China's SCS Strategy Thread

zyklon

Junior Member
Registered Member
Prepare to get attacked by people who think China's weird foreign policy choices are some kind of a confucian wisdom. That Zyklon guy just wrote this was the cost of being a superpower. I guess superpower is when you decide to enforce territory by ramming ships and getting a DDG damaged while doing so. This stuff is exactly what the Phillipines wants because even they can continue doing this indefinitely. FWIW, China doesn't even have economic sanctions on the Phillippines.

Thanks for the shoutout! :D

If the Chinese are serious about the rise of Pax Sinica, hot blooded Chinese youth and naive Chinese nationalists can't have a meltdown every time something suboptimal occurs: while their emotionally charged responses are understandable, frustration and disappointment need to be "properly channeled" to be productive.

One of the first things most soldiers learn upon enlisting is the maxim known in English as Murphy's Law: what can go wrong will go wrong.

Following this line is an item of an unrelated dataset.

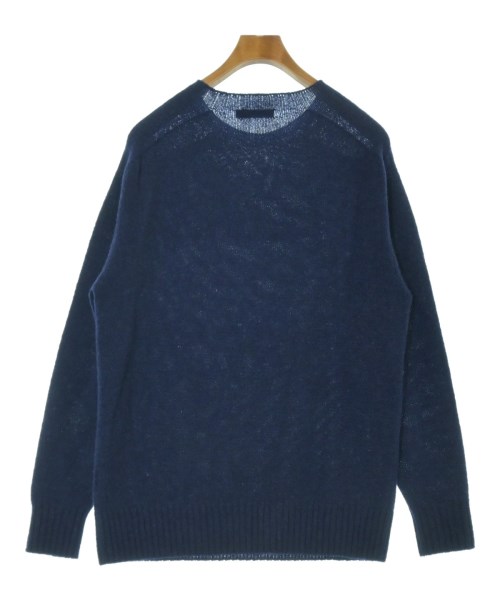 SCYE BASICS（サイベーシックス）ニット・セーター 青 サイズ:38(L位) メンズ/2200650878112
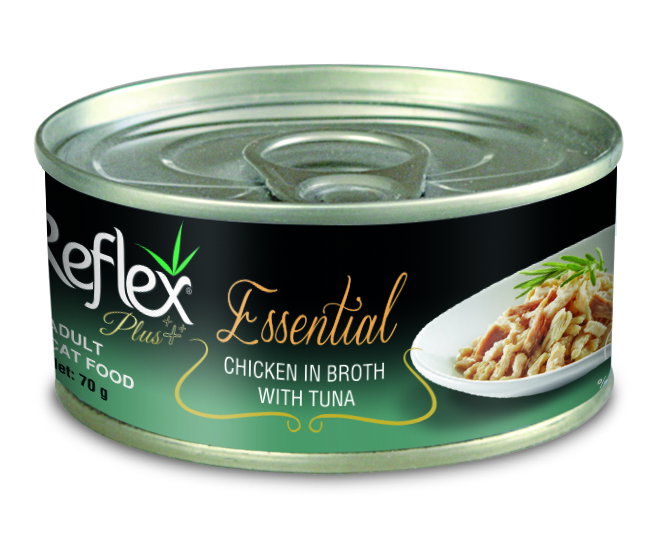 Reflex Plus Essential Wet Cat Food Can 70G_9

While the collision between PLAN Guilin (164) and CCG Nanyu (3104) is regrettable and embarrassing, it's in all fairness, nothing to be ashamed of or to be surprised by.

When militaries and paramilitaries conduct operations (and in some cases, training), the loss of lives (and hulls) is unfortunately to be expected: if you don't have the appetite for that, then the subject matter of this forum probably isn't really for you, especially if you ever wish to be more than a spectator.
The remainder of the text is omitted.